Title: Research of Slime Molds, Medium: HD Video, Edition: 1/3 +AP, Time: 6 min. 40 sec., Production year: 2020
All images courtesy of the artist
Shione Yamada, the director of this video work, focused on the dynamic movements of slime molds (myxomycetes) and tried to imitate them using humans. Her attempt contrasted with the simple personification of slime molds. What is the “world” that humans see when tracing slime molds with their bodies? The performers tried to imitate the pulsations of slime molds in various ways to obtain the “umwelt” of slime molds. For example, they used yellow gloves to imitate Fuligo septicaʼs rhythmic transformation from amoeba-like plasmodium to mushroom-like fruiting bodies or danced to show the appearance of the changing colors of Stemonitales. In this work, the sound was also elaborate. In nature, it is impossible for humans to hear the sound produced by slime molds. However, when they move, slime molds vibrate the air, certainly making noise. The performers tried to represent these sounds using human voices while imagining the resonances. The performers used voices in accordance with the movement of the slime molds, and Yamada repeatedly collected and remixed them. A mysterious and fascinating sound was then created.

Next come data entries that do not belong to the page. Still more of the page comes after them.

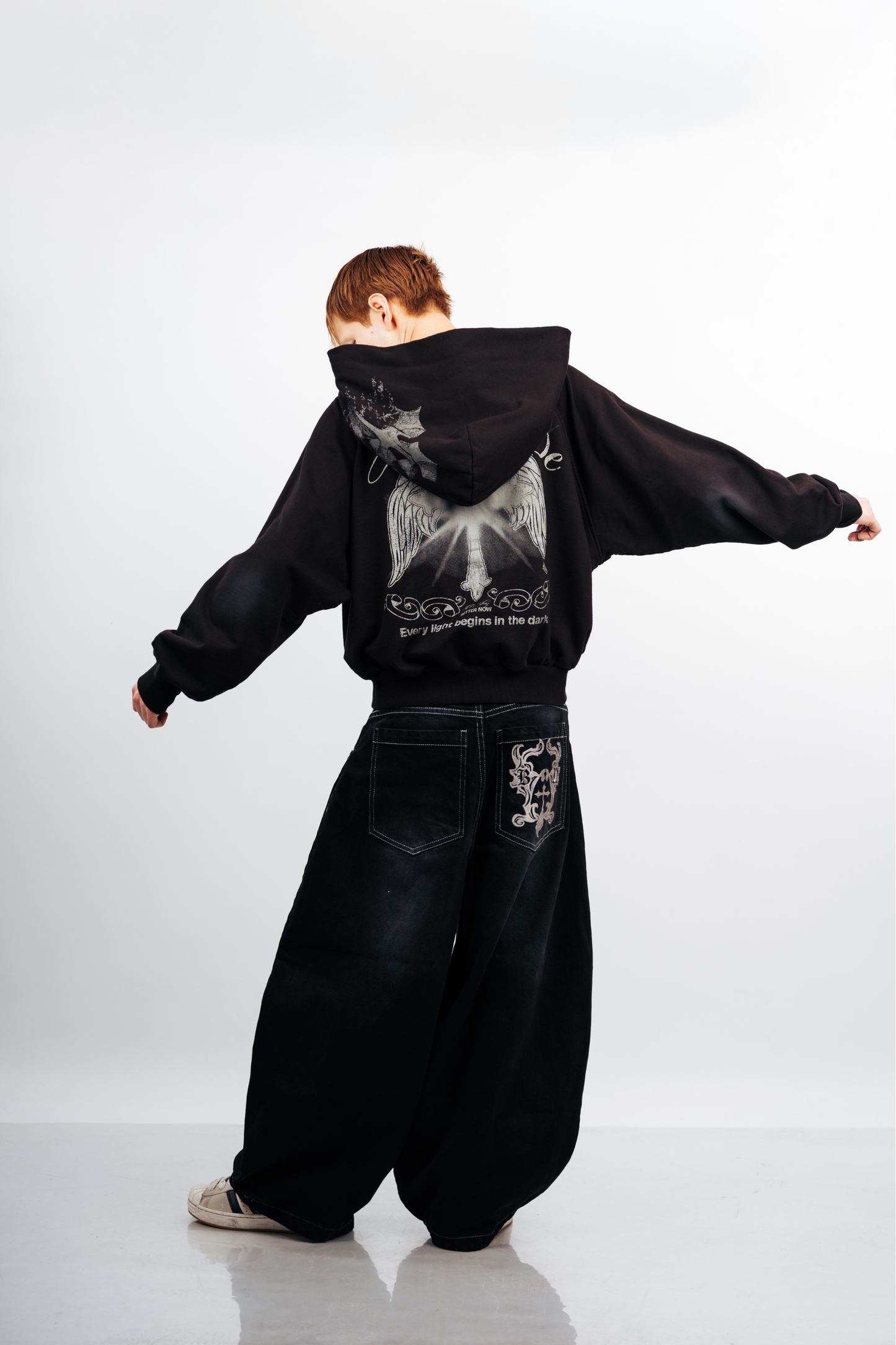 BLACK CROSS ZIP HOODIE - BOXY FIT (REMASTERIZADO)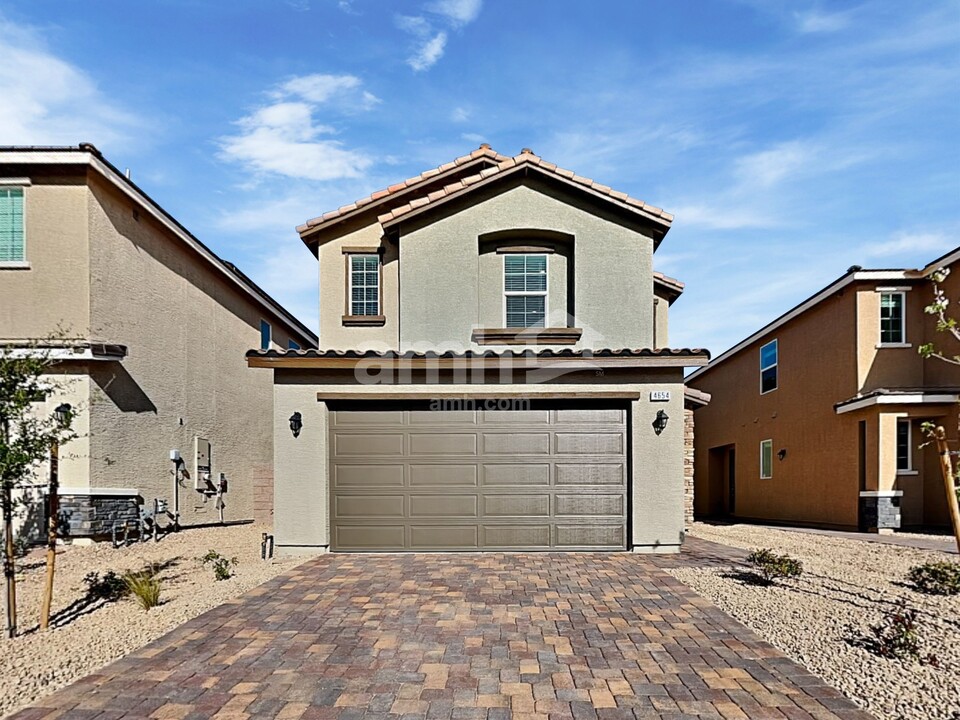 4654 Flaming Ridge Trail in Las Vegas, NV - Building Photo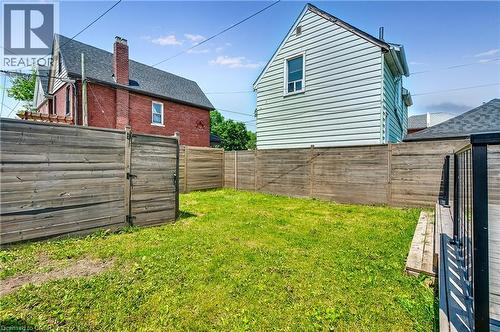 221 Rosslyn Avenue N, Hamilton, ON - Outdoor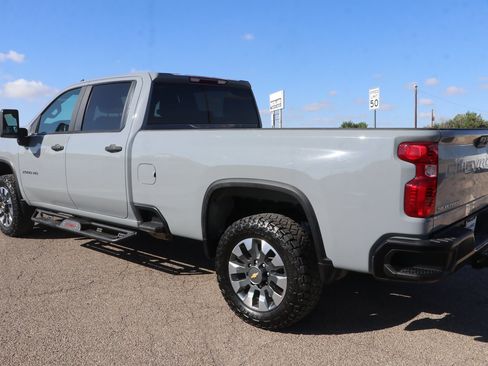 Used 2024 Chevrolet Silverado 2500 Custom w/ Custom Convenience Package AWD/4WD image 5
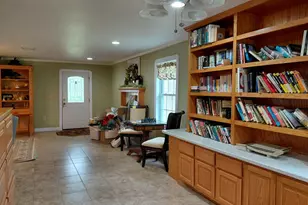 1231 C/R 201A, Angleton, TX 77515 - Photo 6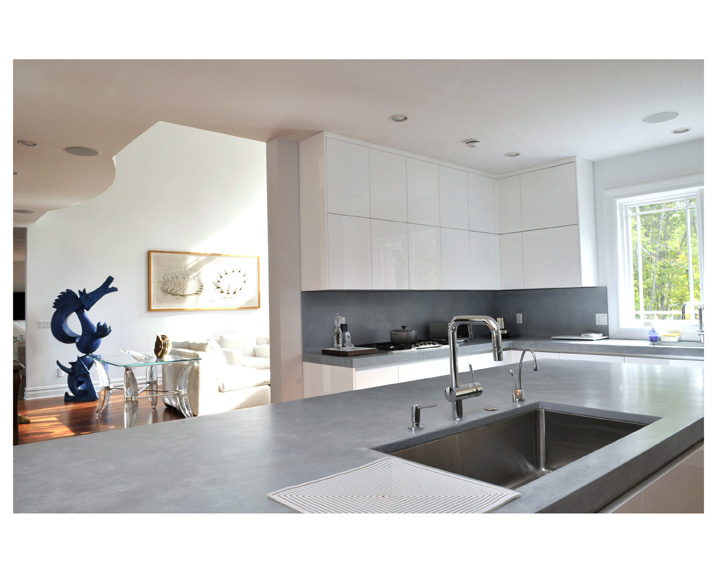 Belair Livingstone, NJ, colored concrete countertop and custom backsplash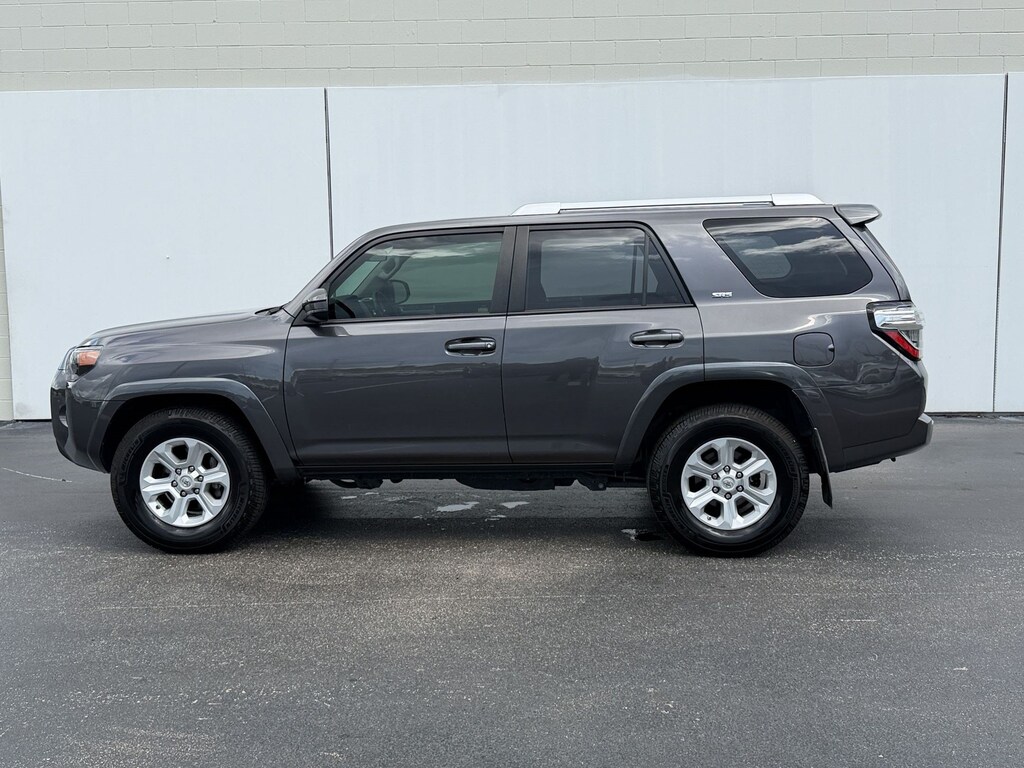 Used 2018 Toyota 4Runner 4Runner SR5 (SR5 2WD (Natl)) SUV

In this video work, Yamada eliminated descriptive words as much as possible. There is a limit to expressing the vividness of slime molds using descriptive language. She dared to edit without descriptive narration or subtitles in order to bring to the fore the powerful vitality of slime molds that normally spill out of languages. With this video work, Yamada boldly attempted to deeply enter the microscopic world of slime molds and to draw out the “breath of life” as a fundamental impulse shared across species.
In addition, this video work was produced as part of the “Omoriyama Art Project 2020,” which was a joint project of Akita University of Art and Akita Omoriyama Zoo.